Hello everyone,
I have encountered a strange bottleneck when trying to run tests. The execution time of specific tests was increasing according to the number of schedulers online: each scheduler added about 100ms to the execution time.
CI Setup
I’m running CI tests using a GitLab runner on Amazon EC2 c6g instances. The runner has 32 CPUs.
Local Setup
8 CPUs, Mac M1.
Test Details
I have 2 partitions for tests, each with about 3.5k tests. Running the command:
MIX_TEST_PARTITION=1 elixir --erl "+S 8:8" -S mix test --partitions 2
The unstable test uses the test_server
library to open a socket on a random port with plug_cowboy
. There are no heavy computations inside the mocked request; it just responds with a hardcoded small JSON map. Two subsequent requests are made.
From the client side, I’m using Finch with Mint, with a pool size of 10.
Test Running Time
Below are the execution times for the unstable test when running locally on 8 CPUs:
| Single | 20ms |
|--------------|-------|
| During suite | 800ms |
I then experimented with the number of schedulers:
| 1 scheduler | ~100ms |
|--------------|--------|
| 2 schedulers | ~200ms |
| 3 schedulers | ~300ms |
| 8 schedulers | ~800ms |
Telemetry
To find the cause, I attached telemetry to finch
and cowboy
:
finch.queue.stop duration: 388ms : idle time: 0ms
finch.connect.stop duration: 982ms
finch.send.stop duration: 395ms : idle time: 0ms
cowboy.request.stop duration: 1916ms : req_body_duration: 0ms : resp_duration: 0ms
finch.recv.stop duration: 3248ms : idle time: 0ms
finch.request.stop duration: 5608ms
Given that no work is done inside dispatching except Plug.Conn.send_resp/3
, this seemed very strange.
Running fprof
{ suspend, 70, 680.139, 0.000}, %
[ ]}.
{[{{error_handler,undefined_function,3}, 1, 659.626, 0.003},
{{'Elixir.Acme.Operations.SF.IN.SyncServiceContracts',
request_page,2}, 1, 10.840, 0.002}],
....
{ {code_server,call,1}, 30, 383.299, 0.411}, %
[{suspend, 33, 382.695, 0.000},
{{erlang,demonitor,2}, 30, 0.152, 0.119},
{{erlang,monitor,2}, 30, 0.041, 0.041}]}.

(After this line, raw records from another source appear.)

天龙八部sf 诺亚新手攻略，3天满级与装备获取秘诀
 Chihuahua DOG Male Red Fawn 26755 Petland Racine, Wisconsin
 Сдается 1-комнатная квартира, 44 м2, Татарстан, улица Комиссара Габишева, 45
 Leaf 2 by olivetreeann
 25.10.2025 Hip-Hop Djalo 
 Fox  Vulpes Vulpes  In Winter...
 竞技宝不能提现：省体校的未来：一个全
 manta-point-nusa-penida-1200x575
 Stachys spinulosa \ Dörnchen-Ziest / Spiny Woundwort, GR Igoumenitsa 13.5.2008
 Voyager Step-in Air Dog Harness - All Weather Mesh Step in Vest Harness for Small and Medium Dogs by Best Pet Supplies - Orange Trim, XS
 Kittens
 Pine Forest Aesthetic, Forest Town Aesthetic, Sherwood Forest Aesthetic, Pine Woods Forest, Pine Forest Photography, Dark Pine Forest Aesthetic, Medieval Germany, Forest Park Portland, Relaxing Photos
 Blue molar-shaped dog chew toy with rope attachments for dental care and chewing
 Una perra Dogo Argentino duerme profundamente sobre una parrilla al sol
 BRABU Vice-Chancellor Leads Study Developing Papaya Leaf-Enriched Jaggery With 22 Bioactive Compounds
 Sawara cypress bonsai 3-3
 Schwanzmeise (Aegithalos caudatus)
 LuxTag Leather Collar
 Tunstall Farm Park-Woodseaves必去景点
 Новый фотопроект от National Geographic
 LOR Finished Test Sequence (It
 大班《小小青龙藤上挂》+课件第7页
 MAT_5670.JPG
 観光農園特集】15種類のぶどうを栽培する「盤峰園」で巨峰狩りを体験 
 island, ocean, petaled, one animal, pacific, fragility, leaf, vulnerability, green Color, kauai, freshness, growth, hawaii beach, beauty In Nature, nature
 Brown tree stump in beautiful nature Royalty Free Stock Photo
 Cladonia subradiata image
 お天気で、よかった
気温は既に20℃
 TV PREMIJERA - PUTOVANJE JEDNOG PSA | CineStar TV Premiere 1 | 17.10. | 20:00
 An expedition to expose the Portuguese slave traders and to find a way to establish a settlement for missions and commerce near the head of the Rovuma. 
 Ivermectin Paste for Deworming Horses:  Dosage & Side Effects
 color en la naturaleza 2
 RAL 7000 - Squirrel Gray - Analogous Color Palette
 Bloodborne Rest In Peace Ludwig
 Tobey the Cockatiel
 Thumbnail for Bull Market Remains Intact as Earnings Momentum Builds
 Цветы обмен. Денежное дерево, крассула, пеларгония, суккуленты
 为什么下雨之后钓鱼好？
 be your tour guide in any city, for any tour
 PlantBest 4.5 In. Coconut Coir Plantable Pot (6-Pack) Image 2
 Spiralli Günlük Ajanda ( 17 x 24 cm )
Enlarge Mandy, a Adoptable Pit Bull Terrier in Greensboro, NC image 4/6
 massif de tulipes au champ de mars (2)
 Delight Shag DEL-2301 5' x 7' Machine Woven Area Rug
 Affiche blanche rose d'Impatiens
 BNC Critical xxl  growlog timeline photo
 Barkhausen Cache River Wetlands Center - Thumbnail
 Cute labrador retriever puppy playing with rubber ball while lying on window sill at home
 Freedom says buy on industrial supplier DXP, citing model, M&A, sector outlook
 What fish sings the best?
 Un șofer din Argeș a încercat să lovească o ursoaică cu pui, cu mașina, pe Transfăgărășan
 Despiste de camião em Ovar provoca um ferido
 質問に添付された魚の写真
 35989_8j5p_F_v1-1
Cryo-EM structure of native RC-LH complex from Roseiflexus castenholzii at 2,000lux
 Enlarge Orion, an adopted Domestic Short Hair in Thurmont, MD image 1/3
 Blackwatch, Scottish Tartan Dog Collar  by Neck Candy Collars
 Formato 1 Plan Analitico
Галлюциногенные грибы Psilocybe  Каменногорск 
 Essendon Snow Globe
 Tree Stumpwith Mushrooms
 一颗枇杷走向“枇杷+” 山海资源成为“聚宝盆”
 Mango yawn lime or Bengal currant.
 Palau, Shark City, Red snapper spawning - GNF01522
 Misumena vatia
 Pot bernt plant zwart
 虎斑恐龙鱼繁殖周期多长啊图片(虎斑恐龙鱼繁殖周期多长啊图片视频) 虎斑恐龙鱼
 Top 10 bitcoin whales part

{[{{error_handler,undefined_function,3}, 19, 360.224, 0.044}],
These are the most expensive nodes in the whole fprof logs. It seems the process gets descheduled and was suspended most of the time while code was loading into the memory inside Mix.Compilers.Test
Researching Similar Issue
After a while, I found a discussion and tried explicitly setting the max-requires
option. It turns out that on 8 CPUs, the test ran in less than 100ms with max-requires
set to 100. In Elixir core, it defaults to the maximum between the system schedulers online and 2.
However, the docs lack details about how this parameter can affect test execution time. Maybe someone can help explain the algorithm for calibrating it?